Lewandowski odchodzi do Barcelony, Sadio Mane przychodzi do Bayernu. W ostatnich tygodniach rozegrał się dramat Sebastiena Hallera, który ma nowotwór złośliwy jądra i musi się poddać chemioterapii. Jak to wpłynie na Borussię Dortmund?
- Pada bardzo wiele pytań, ale odpowiedzi będziemy musieli szukać dopiero w trakcie sezonu – mówi „Giki”, który właśnie założył kanał na YouTube („The Giksons”) i za nim pierwsze nagranie. Rafał tłumaczy:
- Chcę być dostępny dla kibiców. Chcę na bieżąco komentować pewne rzeczy. Nie boję się krytyki, stąd pomysł na „The Giksons”. Co nie znaczy, że nie będę się pojawiał w innych mediach.

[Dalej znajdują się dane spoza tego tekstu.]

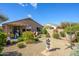 Backyard with desert landscaping, mature trees, a hammock, and outdoor seating area at 15900 W Autumn Cir, Surprise, AZ 85374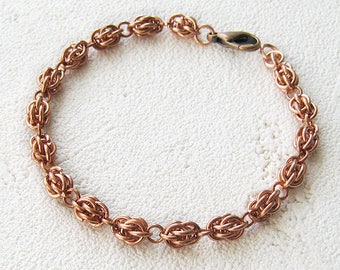 May include: A copper bracelet with a woven chain design. The bracelet is made of small, interconnected rings that create a delicate and intricate pattern.
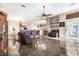 Spacious living room featuring tile floors, a ceiling fan, and access to a dining area at 1259 N Hollywood Blvd, Las Vegas, NV 89110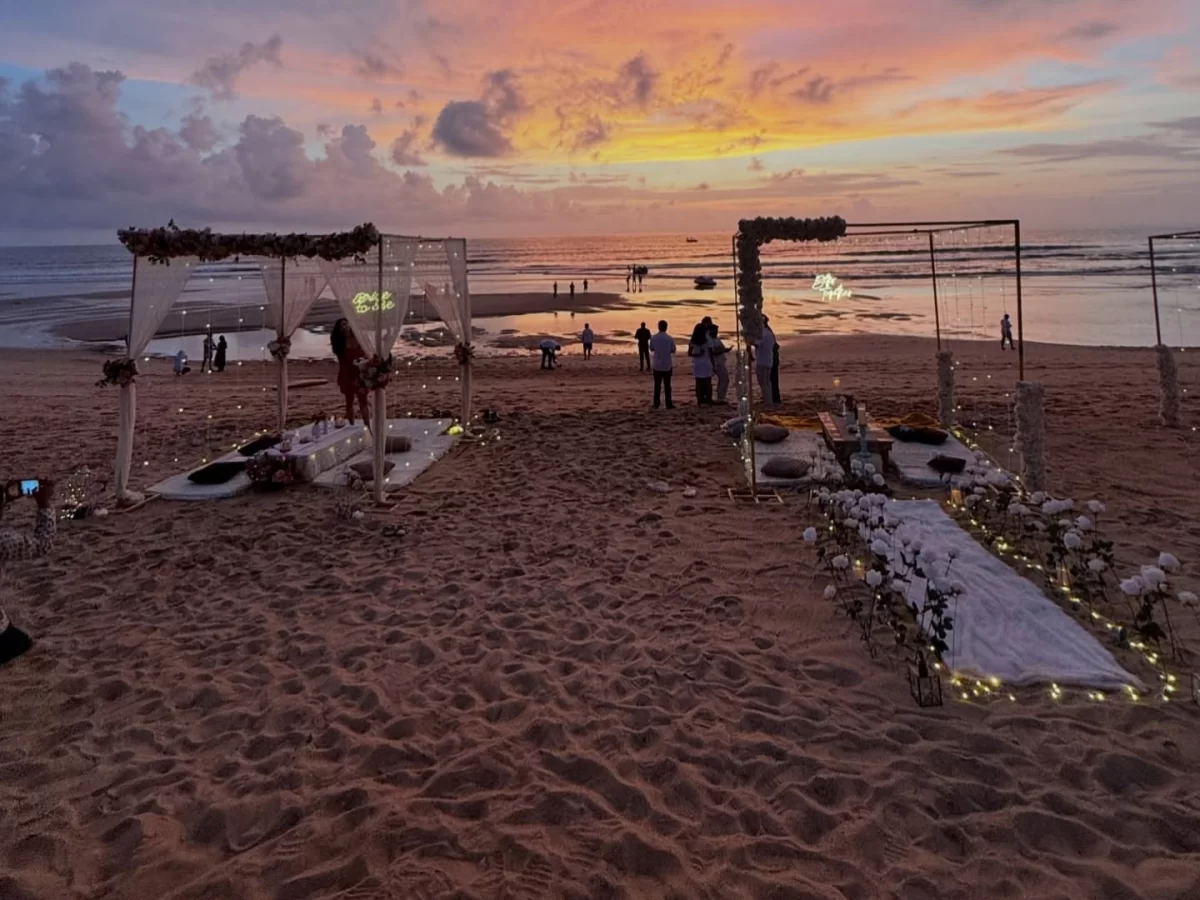 Beach wedding setup at Calangute Beach Goa during sunset, featuring flower mandaps cushions guests Arabian Sea, perfect romantic experience with Calangute Beach Goa tour package.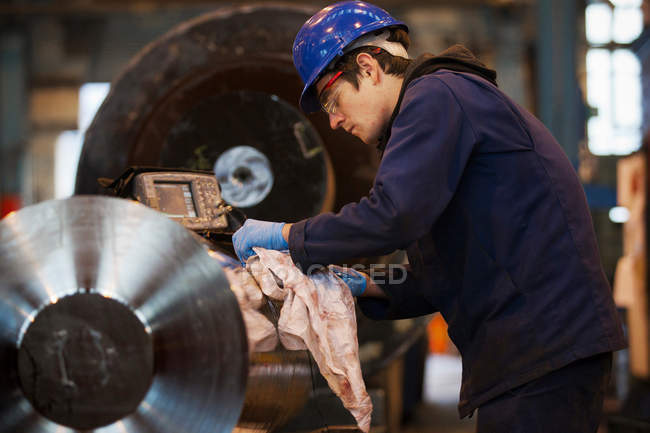 Worker cleaning metal in steel forge — Stock Photo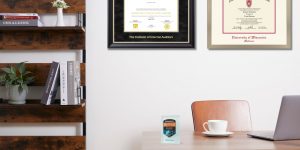 Office space featuring The Institute of Internal Auditors certificate frame and a University of Wisconsin Madison diploma frame on the wall and a Databricks digital badge on the desk next to a white coffee cup.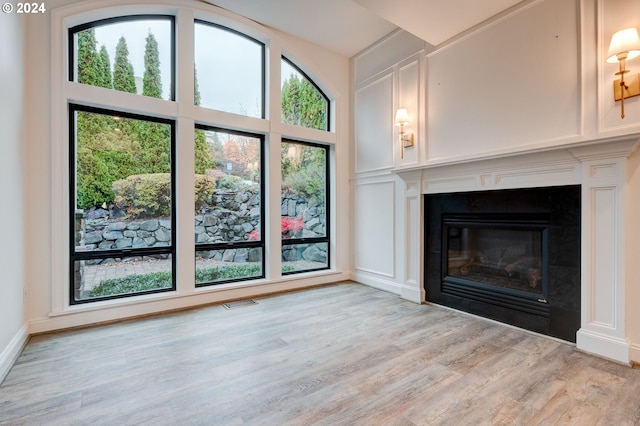 unfurnished living room with light hardwood / wood-style floors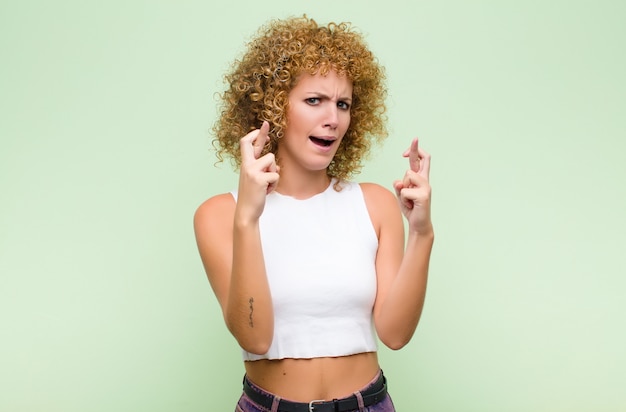 Giovane donna afro incrociando le dita con ansia e sperando in buona fortuna con uno sguardo preoccupato contro il muro verde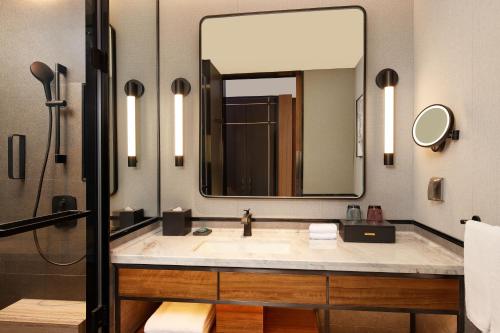 Ένα μπάνιο στο Four Points by Sheraton Yiyang
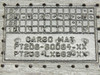 Lexus cargo mat rubber underside — molded label showing part numbers PT206-60084-XX and PT206-LX083-XX with year grid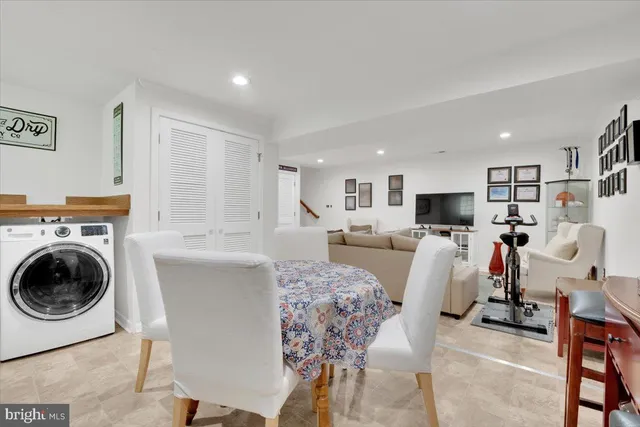 a living room with furniture and a view of kitchen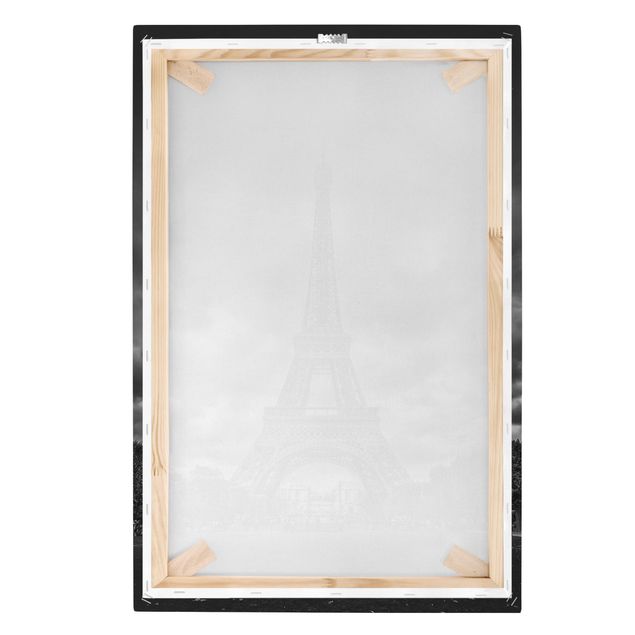 Stampa su tela Torre Eiffel davanti alle nuvole in bianco e nero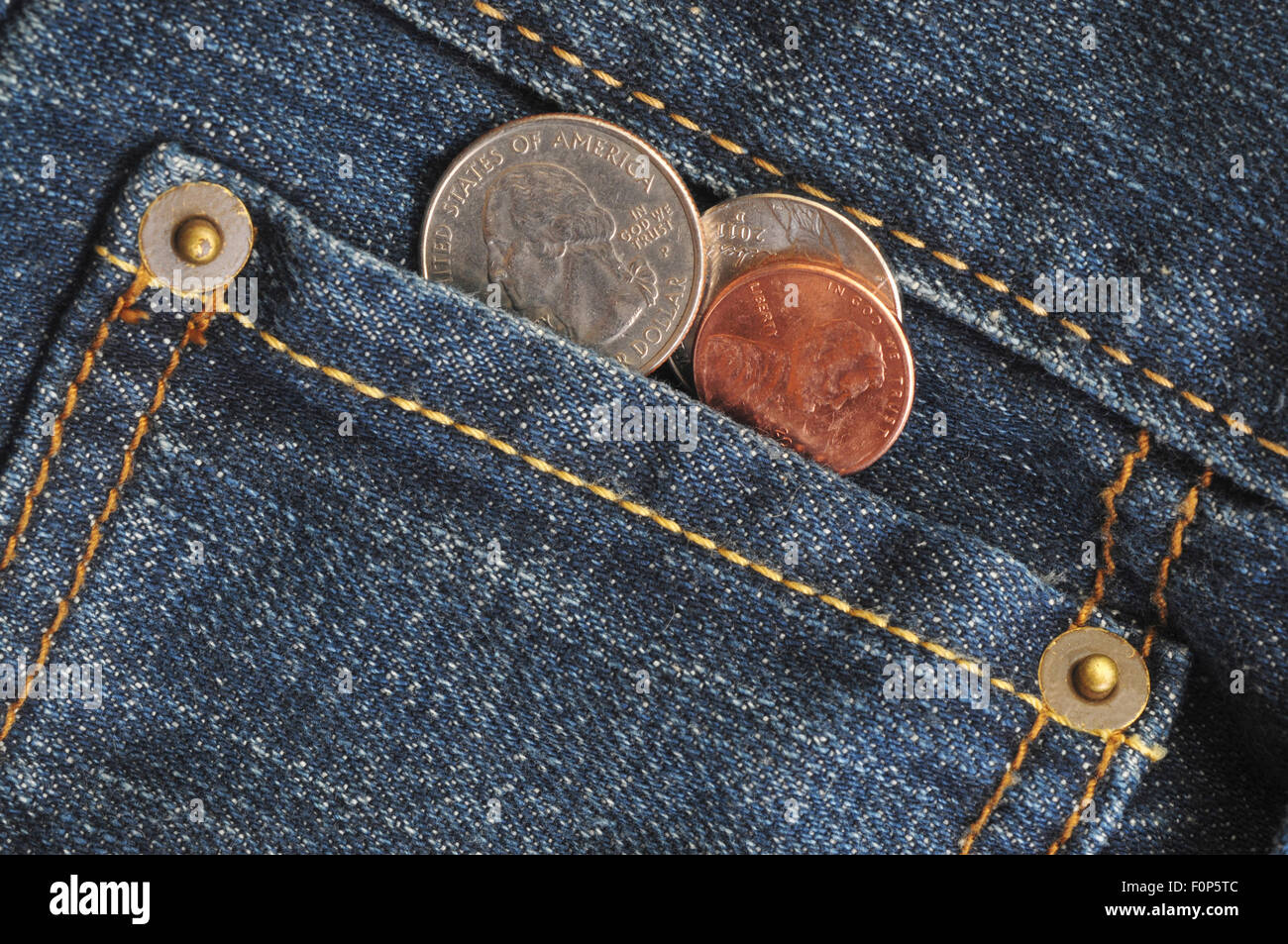 Macro shot of a jean's pocket with coins coming out of it Stock Photo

Taką mam naturę, że o piłce, o życiu lubię pogadać – stwierdził.
Gikiewicz nie waha się też rozmawiać twarzą w twarz. Również z trenerami.
- To częsty błąd piłkarzy, że czekają, zwlekają, boją się skonfrontować ze szkoleniowcem – zaznacza Rafał.
ZOBACZ TAKŻE: Maciej Makuszewski: Gra w Odrze Opole nie jest dla mnie "zjazdem"
Golkiper Augsburga latem miał oferty z Serie A. I od razu poszedł do trenera, Enrico Massena, aby zapytać, czy aby na pewno liczy na niego w sezonie 2022/23. „Giki” mówi:
- Trener powiedział, że liczy, tyle, że muszę poprawić pewne rzeczy. W szczególności grę nogami. I pracuję nad sobą, aby nie było „lag”, tylko spokojne rozegranie od bramkarza. I cieszę się niesamowicie na ten nowy sezon. A pierwsze emocje już w sobotę, bo podejmujemy mój były klub Freiburg, który był rewelacją poprzedniego sezonu – podsumował.